I confess that fear had a lot to do with my reluctance to propose the idea. What would it look like? How would it function? What “parts” of the final paper would still need to be drafted and turned in as opposed to created on the page?
It stuck in my head a lot. This is something like what the T&P portfolio will be. Having students do it might give me stronger ties to the media. (Though obviously this blog, along with my teaching blog, and my personal blog, indicate that I am quite comfortable with the technology of the work.
“[Sean D.] Williams [2001] asserts that the verbal bias is both politically and rhetorically dangerous”
I don’t want my students to overvalue verbal expression, but I am a composition professor. At this point in composition studies we are still primarily about the words.
Every class I teach has at least a 10% project that is a video (up to 25%, depending on the class) and I have other visual rhetoric involved in class.

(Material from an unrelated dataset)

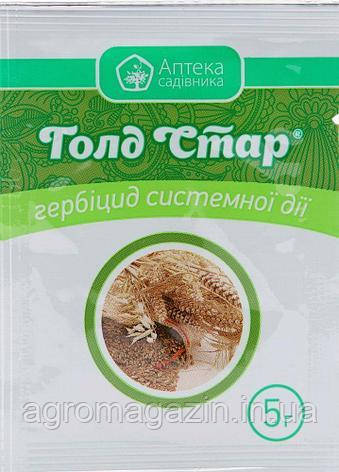 Голд Стар 5гр Укравіт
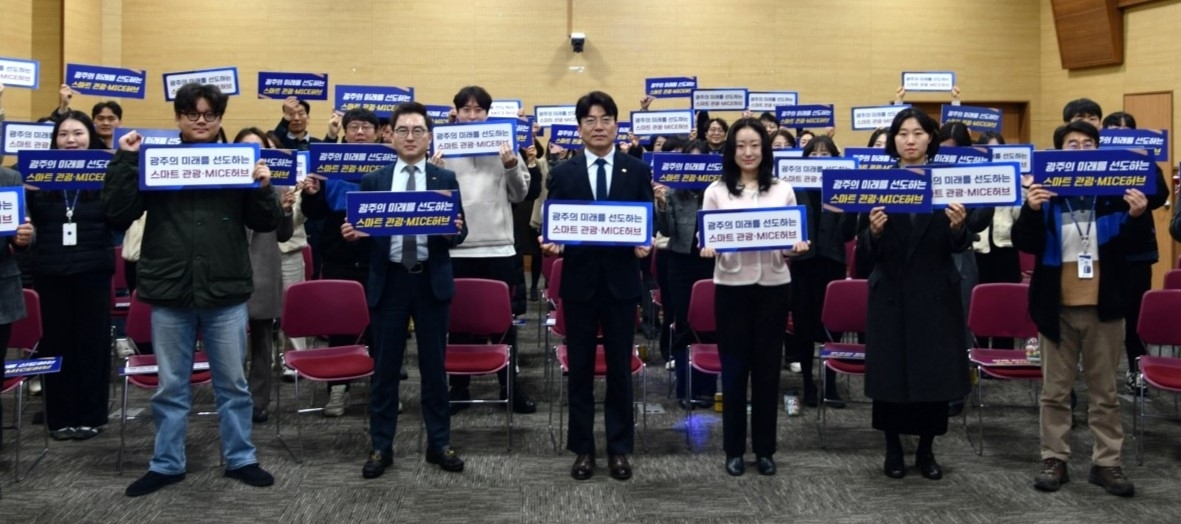 광주관광공사 정재영 사장과 임직원들이 2일 광주 김대중컨벤션센터에서 ‘신 비전 선포식’을 열고 기념촬영을 하고 있다. 광주관광공사 제공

For example, for my fyc second semester they compare the words of a song and the visuals of a video. Of course, they write it as a paper, so that still gives primacy to the verbal.

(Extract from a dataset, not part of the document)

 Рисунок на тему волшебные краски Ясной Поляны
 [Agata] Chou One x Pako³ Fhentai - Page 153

My first-semester fyc class has a group project that is a digital presentation and then they write individual papers on a related topic, but again verbal–although equal in those two assignments, rather than one larger than the other.

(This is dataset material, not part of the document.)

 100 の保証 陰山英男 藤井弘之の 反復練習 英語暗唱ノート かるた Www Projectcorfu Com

My business writing students write a paper that is half visuals and they create a digital presentation and a brochure to go with it. I think that the verbal outweighs the audio/visual, but not necessarily by a lot.
We need to help students see how effective design either undercuts or supports the verbal rhetoric.
John Trimbur (2002) boils graphic design down to “four basic principles”: group similar items together, align visual elements, use repetition and contrast to create consistent visual patterns, and add visual interest (an amalgamation of the first three principles) (pp. 657-667).
BUT reading visuals is interpretation.
Pat Sullivan “describes the strategic goal of visual rhetoric for print as blending “an awareness of visual esthetics with a concern for the needs and wishes of the audience and [operating] within one or more cultures” (p. 108)…must involve an understanding of the cultural forces shaping the production and reception of a document (p. 110).”
Prose graphics, related to books
example: scientific journals
Theatrical graphics, related to film, theater, magazines, cartoons
example: USA Today
prose graphics = visuals represent reality
theatrical graphics = visuals create reality
[Sullivan] characterizes transactional Web sites as textual, mapped, still, interactive and using a limited color palette; the aim is to reveal logic. Experimental sites, in contrast, are visual, guided, involve movement, are immersive, and use wild color; they aim at creating an experience.
This is something to think about for T&P.
rhetoric and composition is a “dappled discipline” (Lauer)
Teaching writing means teaching the students about the assessment. (This is why the rubrics are required by our students. They’ve learned to “work to the test” and they want to know how it will be assessed–or at least think they do. And actually, if the rubric is done well, working to it will actually create what we want from it.)
Consider what may be gained by asking for something as a new media assignment.
“In digital environments, narratives may be spatially rather than temporally driven.”
At the end of the article they provide questions for assessment.